** Problem description **
Once the line with "Knit Printed Winter Neck Scarf" is found, write it out along with every line after it, exactly, up to the last line of the entries below. Exclude pictures.

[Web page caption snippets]
────

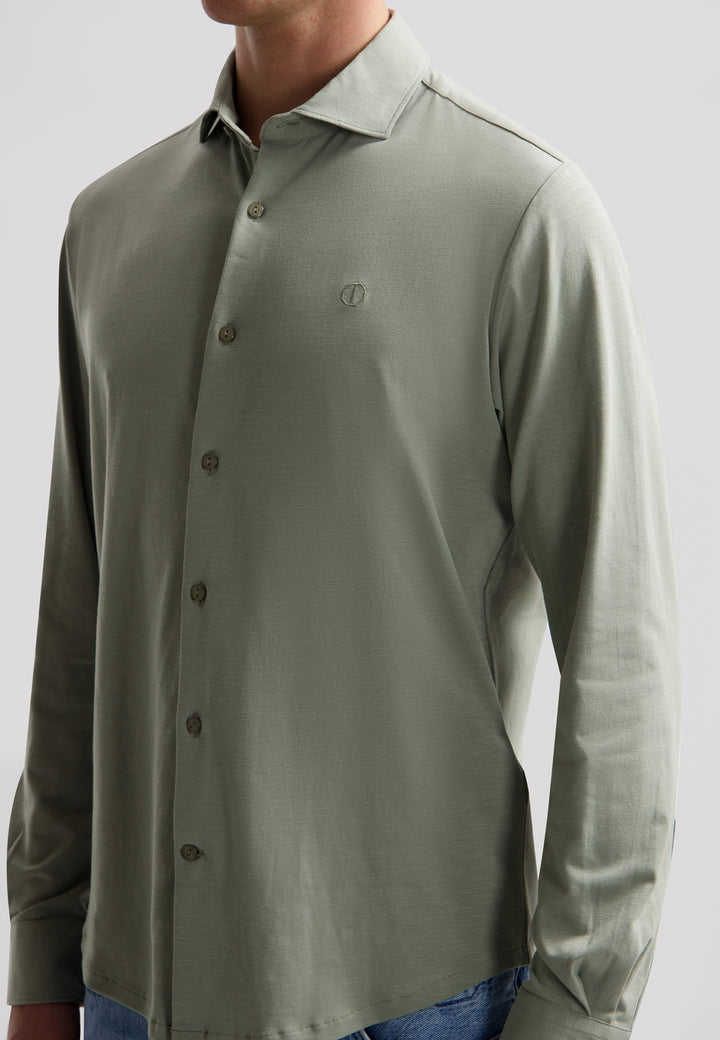 Dstrezzed Bo Shirt in Green Shadow | Buster McGee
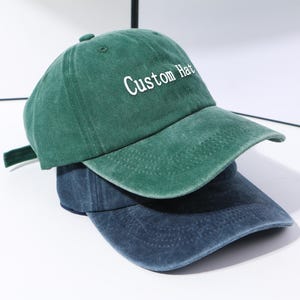 Personalized Embroidery Logo Baseball Hat/Custom Embroidered Cap/Bachelorette Bachelor Party Hats/Gift for Dad Mom Him Her Boyfriend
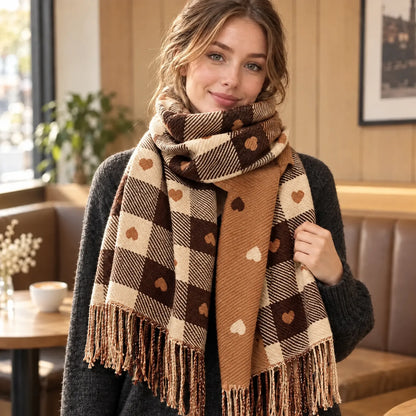 Knit Printed Winter Neck Scarf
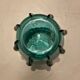 Art Deco green glass vase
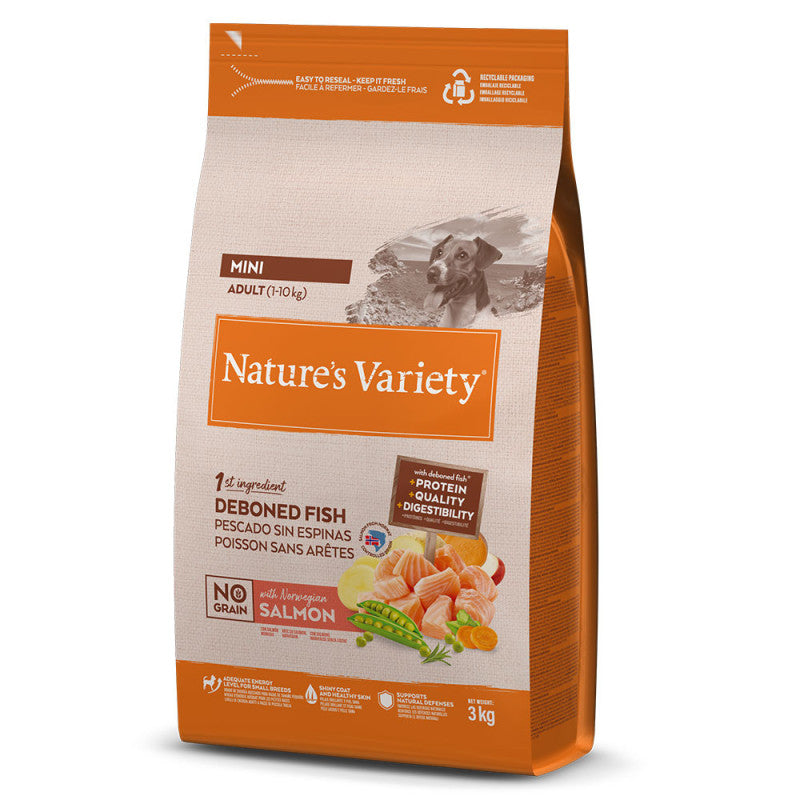Nature's Variety No Grain Mini Adulto - Salmão da Noruega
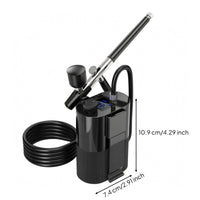 Precision Control Electric Airbrush Spray Compact twoNozzle Airbrush for Painting, Model Coloring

────

** Expected output **
 Knit Printed Winter Neck Scarf
 Art Deco green glass vase
Nature's Variety No Grain Mini Adulto - Salmão da Noruega
 Precision Control Electric Airbrush Spray Compact twoNozzle Airbrush for Painting, Model Coloring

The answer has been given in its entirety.